A few weeks ago I wrote about the process of taking a storage appliance from a stark metal chassis and its installer CD to the guts of its embedded operating system. I can understand if you’re left wondering why being left with a huge blob of code inspires positive emotions. “Are you really going to read all that? Isn’t it a huge waste of time?”

Well, yes and no.

So I’m going to revise and extend Ilfak’s comments: another important goal of reverse engineering is to gain insight about the topology of a program: what are its entry points, what are the broad strokes of its functionality?

This goal requires neither precision nor fidelity. I’m not working to reconstitute the blueprints (though sometimes I wind up with them); I’m trying to get a sense of the schematic, and I can often get it without reading more than a few instructions in any given function:

• is there really cryptographic authentication happening here, like the RFC claims, or is that stubbed out “until a future release”?
• which of the bytes in this proprietary protocol represent the command word? what are the available commands?
• if X is the function that handles incoming packets, Y is the function that decides whether my password is valid, and Z is the function that lowers the cooling rods, what does the landscape between X, Y, and Z look like? how likely is it that I can skip Y?

When you luck out and get a symbol table (and you often do), you can answer lots of questions like these just from the call graph, no assembly required.

I just read Mike Perry and Nasko Oskov’s Reverse Engineering book on the web. It’s incomplete, but good. What I liked best about it was the attempt at covering techniques besides disassembly. Part of what makes “superficial disassembly” effective for me is the ability to augment the code with active probing.

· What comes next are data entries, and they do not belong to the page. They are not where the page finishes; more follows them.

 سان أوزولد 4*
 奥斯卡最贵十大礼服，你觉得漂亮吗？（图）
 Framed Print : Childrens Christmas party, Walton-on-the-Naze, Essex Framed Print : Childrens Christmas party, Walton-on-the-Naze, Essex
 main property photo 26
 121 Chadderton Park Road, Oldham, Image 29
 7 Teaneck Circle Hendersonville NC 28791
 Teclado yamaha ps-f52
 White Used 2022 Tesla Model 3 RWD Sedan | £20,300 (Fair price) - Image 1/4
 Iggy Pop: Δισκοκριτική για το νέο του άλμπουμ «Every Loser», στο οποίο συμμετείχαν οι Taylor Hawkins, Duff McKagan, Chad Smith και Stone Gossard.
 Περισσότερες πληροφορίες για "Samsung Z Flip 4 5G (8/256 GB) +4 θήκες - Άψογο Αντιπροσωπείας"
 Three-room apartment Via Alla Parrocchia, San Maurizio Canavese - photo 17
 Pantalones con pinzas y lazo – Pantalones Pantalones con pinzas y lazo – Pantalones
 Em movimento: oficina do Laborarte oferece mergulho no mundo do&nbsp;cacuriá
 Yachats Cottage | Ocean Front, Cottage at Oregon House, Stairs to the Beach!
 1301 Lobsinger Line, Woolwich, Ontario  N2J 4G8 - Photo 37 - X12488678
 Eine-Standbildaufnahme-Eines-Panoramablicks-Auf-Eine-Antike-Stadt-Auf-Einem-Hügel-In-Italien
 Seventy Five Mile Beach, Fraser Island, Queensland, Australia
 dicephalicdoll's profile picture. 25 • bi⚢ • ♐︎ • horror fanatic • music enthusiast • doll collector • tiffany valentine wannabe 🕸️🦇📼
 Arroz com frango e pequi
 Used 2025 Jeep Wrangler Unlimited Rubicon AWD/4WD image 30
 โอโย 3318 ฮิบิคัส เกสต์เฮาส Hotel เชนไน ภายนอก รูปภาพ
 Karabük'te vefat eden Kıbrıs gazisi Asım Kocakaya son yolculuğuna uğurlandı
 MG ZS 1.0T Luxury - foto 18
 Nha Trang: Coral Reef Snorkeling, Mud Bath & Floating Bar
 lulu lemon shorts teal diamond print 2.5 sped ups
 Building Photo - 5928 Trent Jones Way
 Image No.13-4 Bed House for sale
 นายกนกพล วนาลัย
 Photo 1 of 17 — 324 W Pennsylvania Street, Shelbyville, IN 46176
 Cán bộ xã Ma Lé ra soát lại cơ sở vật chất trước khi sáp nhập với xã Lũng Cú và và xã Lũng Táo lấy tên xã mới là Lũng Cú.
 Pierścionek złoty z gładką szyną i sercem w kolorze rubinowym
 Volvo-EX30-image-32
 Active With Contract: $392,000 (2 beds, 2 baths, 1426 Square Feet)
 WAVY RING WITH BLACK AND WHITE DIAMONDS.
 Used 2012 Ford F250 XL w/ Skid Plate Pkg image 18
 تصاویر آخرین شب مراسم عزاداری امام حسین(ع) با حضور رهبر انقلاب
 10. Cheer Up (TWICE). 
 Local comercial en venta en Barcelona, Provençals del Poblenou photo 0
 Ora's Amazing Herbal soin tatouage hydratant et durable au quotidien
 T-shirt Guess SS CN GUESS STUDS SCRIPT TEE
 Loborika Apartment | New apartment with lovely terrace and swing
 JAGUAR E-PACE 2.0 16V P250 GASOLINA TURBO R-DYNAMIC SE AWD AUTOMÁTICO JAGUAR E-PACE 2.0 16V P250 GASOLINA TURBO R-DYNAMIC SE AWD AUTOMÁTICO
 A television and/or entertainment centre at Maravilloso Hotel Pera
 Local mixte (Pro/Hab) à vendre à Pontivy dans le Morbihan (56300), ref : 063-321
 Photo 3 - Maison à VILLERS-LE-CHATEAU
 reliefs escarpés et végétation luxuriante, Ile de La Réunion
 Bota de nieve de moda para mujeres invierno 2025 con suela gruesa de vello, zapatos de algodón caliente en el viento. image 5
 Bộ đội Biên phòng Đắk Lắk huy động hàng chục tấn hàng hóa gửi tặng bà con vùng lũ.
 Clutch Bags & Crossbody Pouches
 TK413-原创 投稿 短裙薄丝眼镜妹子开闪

This is the area where the book needs the most work, but also where the most potential is. Some techniques the book misses:

• Fuzzing. I’m not a huge fan of fuzzing applications to find vulnerabilities. But in reversing scenarios, random inputs reveal the surface of an application like a sonar chirp.
• Hit tracing, like Pedram Amini’s Process Stalker or OllyDbg. In tandem with a “known good” input, hit traces allow you to use traffic generators like a lockpick; the pins are at the shear line when the trace for artificial traffic matches that of the good traffic.
• Logs! The logs themselves are helpful, sure, but they’re even more useful as signposts inside the code —- the string “bad command word %.2x” pinpoints the most important region of the call graph for me.

Appliances and internal applications are incredibly bad. Nobody can look at the squirming ick underneath the rock that is a typical CORBA application and doubt that Microsoft is getting value out of the attention they’re paying to security: it’s still 1993 out there for applications that don’t sit in front of a firewall or ship with a Dell desktop. In virtually every case, a workable understanding of the protocol in play is a game-over condition for internal applications. I don’t need to reverse engineer back to compilable source; I could probably get away with reversing to header files.